The teams worked in two weeks iterations. During each iteration, we aimed to achieve a specific business-oriented goal. At the end of each iteration, we showed to our customer a working software addressing the goal planned for that iteration.

After the demonstration we gathered feedback from the stakeholders about the delivered product and spoke about next development steps.

Once a quarter the teams met with client’s product stakeholders for a planning session where all current priorities were discussed. All involved people met face to face in one place. The client was responsible for bringing business goals they wanted to achieve and ideas on how the goals could be achieved from a business point of view.

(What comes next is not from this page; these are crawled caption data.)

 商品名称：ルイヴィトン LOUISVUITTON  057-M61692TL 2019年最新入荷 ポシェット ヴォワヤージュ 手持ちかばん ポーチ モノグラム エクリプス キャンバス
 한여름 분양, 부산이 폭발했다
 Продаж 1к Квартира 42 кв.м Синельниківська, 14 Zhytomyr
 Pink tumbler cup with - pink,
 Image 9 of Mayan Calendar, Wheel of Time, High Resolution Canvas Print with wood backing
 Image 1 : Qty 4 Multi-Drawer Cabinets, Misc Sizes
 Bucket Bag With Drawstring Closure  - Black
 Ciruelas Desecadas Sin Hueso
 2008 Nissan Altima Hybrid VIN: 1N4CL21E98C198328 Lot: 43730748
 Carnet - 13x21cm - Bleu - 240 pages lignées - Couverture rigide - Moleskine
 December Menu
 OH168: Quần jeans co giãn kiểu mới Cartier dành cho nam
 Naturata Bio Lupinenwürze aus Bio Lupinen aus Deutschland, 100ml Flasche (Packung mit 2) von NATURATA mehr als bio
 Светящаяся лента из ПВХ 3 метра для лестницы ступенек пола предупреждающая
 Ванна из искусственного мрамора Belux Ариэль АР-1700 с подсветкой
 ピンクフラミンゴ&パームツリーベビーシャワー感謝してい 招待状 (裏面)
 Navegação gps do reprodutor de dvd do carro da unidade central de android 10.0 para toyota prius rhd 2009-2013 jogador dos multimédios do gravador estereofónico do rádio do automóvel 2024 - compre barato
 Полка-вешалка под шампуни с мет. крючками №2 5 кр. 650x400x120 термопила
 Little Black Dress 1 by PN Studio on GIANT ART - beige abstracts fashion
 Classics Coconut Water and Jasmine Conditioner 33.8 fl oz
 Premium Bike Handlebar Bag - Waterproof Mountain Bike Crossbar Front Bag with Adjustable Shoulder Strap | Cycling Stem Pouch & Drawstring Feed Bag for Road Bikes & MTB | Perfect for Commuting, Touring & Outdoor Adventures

During the workshop client’s representatives and engineers agreed on the most important items from the list of priorities for the upcoming quarter and selected those that team will be working on. During the next step, teams planned their work in more details using popular techniques like event storming or user story mapping. As a result of this exercise, the teams had a rough idea of how much time would be needed to achieve their goals. They also identified potential impediments and dependencies with other teams.

After this part all teams came together again and synchronized their plans. At the end of the entire session, the team and stakeholders spent an hour on thinking how next quarter planning might be improved so it would be more informative, efficient, productive and engaging for all participants.


Product differentiator

The client asked us to restrict some operations for a certain group of customers. Similar requests repeated ones or twice again.

We analyzed our backlog to see if there are any other similar requests waiting in a queue. Based on that analysis we asked our PO additional questions about the nature of the problem and proposed to create a solution to restrict specific operations to multiple customer segments. We prepared a matrix of different combinations of restrictions for different groups of users on the account and user level. When the feature was validated with end-users it turned out it became a good product differentiator on the market.


Microservices implementation

Our goal was to implement microservices in a way that guarantees data consistency in the complex financial domain. We wanted all of them to work independently with a good amount of data redundancy so that failure in one place was not visible to the end-user.

We knew that it’s absolutely crucial to establish guidelines for cross-cutting concerns such as – monitoring, configuration, contract validation etc. We run multiple sessions across developers to make sure everyone is on the same page. Technologically, we chose Spring Boot + Spring Cloud powered by HashiCorp and AWS tools.

Continuous delivery

Apart from a business change that needed to happen, we knew that continuous delivery to be effective in the microservices world has to be scalable and reliable.

We knew that our Jenkins instance will be modified by different teams. That’s why we selected Groovy DSL powered by our own Groovy component library to deliver code as a solution to that problem. Thanks to that we are able to setup Jenkins instances together with all jobs and pipelines under 5 minutes.


We wanted to have infrastructure that will be used over decades as a means to transition legacy, corporate business into the cloud. We leveraged the scalability of Kubernetes and created a separate small team of DevOps and Developers. Their sole goal was to deliver infrastructure as a code.

We knew that we will host multiple different projects so ease of change, transparency and auditability are key drivers. We used AWS, Terraform, Chief and multiple open-source tools
to deliver on that promise.

Standalone R&D team

Pragmatic Coder’s team was acting as an almost standalone R&D branch, holding great control over most of the technical and architectural aspects of these systems.

Products we were working on were the first cloud-based, fully distributed (microservices) products ever made by the customer, so somewhere along the road the Pragmatic Coder’s dedicated software development team adjusted from simply developing standalone product to setting up a set of tools and practices that were later scaled up and reused by other parts of the customer’s company.